Basée sur une histoire de Taizan Mikawa, l'oeuvre se découpe en chapitres d'environ une vingtaine de pages et plutôt indépendants, où à chaque fois il arrive une nouvelle chose au docteur. Il s'agit parfois d'une simple sortie, de souvenirs qui se rappellent à lui concernant certaines personnes, ou de différentes rencontres avec les personnes habitant dans le village ou dans les kilomètres aux alentours. Si certains passages permettent d'entrevoir un petit peu des éléments du passé (jusqu'à l'enfance) de Mikawa, d'autres sont marqués par la découverte de personnages secondaires assez bien campés dans leur genre. Certains sont récurrents, comme l'agent de police rustre et idiot Chabatake avec qui le docteur (et un peu tout le village) s'entend très mal tant il est strict et coincé. D'autres n'apparaissent que le temps d'un chapitre, et on les découvre avec un certain intérêt, dans leurs moeurs parfois très libres (certains baisent un peu à tout-va) et très décalées par rapport au monde moderne, mais aussi dans l'humanité qu'ils peuvent avoir au fond d'eux. Ici, on pense par exemple à l'enfant attardé mental annonçant la mort de sa courageuse mère comme si de rien n'était, ou à la dénommée Yuki, femme de bonne famille qui a passé toute sa vie avec un rustre de basse condition sans jamais vraiment avouer ce qu'elle ressentait. Ces habitants paraissent tantôt étranges, tantôt un peu bizarres, tantôt familiers et attachants, et il se dessine alors un microcosme intéressant, témoignant sans doute d'un certain quotidien dans le Japon reculé d'il y a plusieurs années. Mais dans tout ça, on ne peut s'empêcher de regretter parfois la brièveté de certains récits, certaines chutes trop rapides, voire certaines situations qui laissent vraiment trop circonspect. Par exemple, on pense au passage où le docteur laisse entrer chez eux en pleine nuit et pendant une tempête de neige deux petits garçons qui doivent faire 4km à pieds pour entrer chez eux, en leur disant de revenir le voir les jours suivants. Il n'a finalement jamais de nouvelles d'eux, et ne s'en inquiète pas du tout...

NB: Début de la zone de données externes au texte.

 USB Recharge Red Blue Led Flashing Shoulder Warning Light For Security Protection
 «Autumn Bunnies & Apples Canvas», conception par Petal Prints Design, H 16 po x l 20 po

On retrouve ici le dessin un peu old school du mangaka, très expressif et efficace pour offrir des tronches assez marquées et réussies (par exemple, Chabatake avec sa tête carrée pas très chaleureuse). Ishikawa s'est beaucoup appliqué sur les décors de la région, avec sa ruralité, les montagnes aux alentours, la forêt... Il accentue son travail sur le cadre en évoquant bien les saisons qui passent avec leurs lots d'éléments spécifiques (tempêtes de neige, floraison...), mais aussi en nous immisçant dans certains recoins ou en les évoquant : le bar, l'onsen, le rotenburo, le vieux temple, le hameau...
Du côté de l'édition, dommage que les textes soient ponctués de plusieurs petites coquilles. Hormis ceci, le travail effectué est plaisant avec une traduction très claire de Mélissa Millithaler, un travail de lettrage soigné, un papier souple et une bonne impression.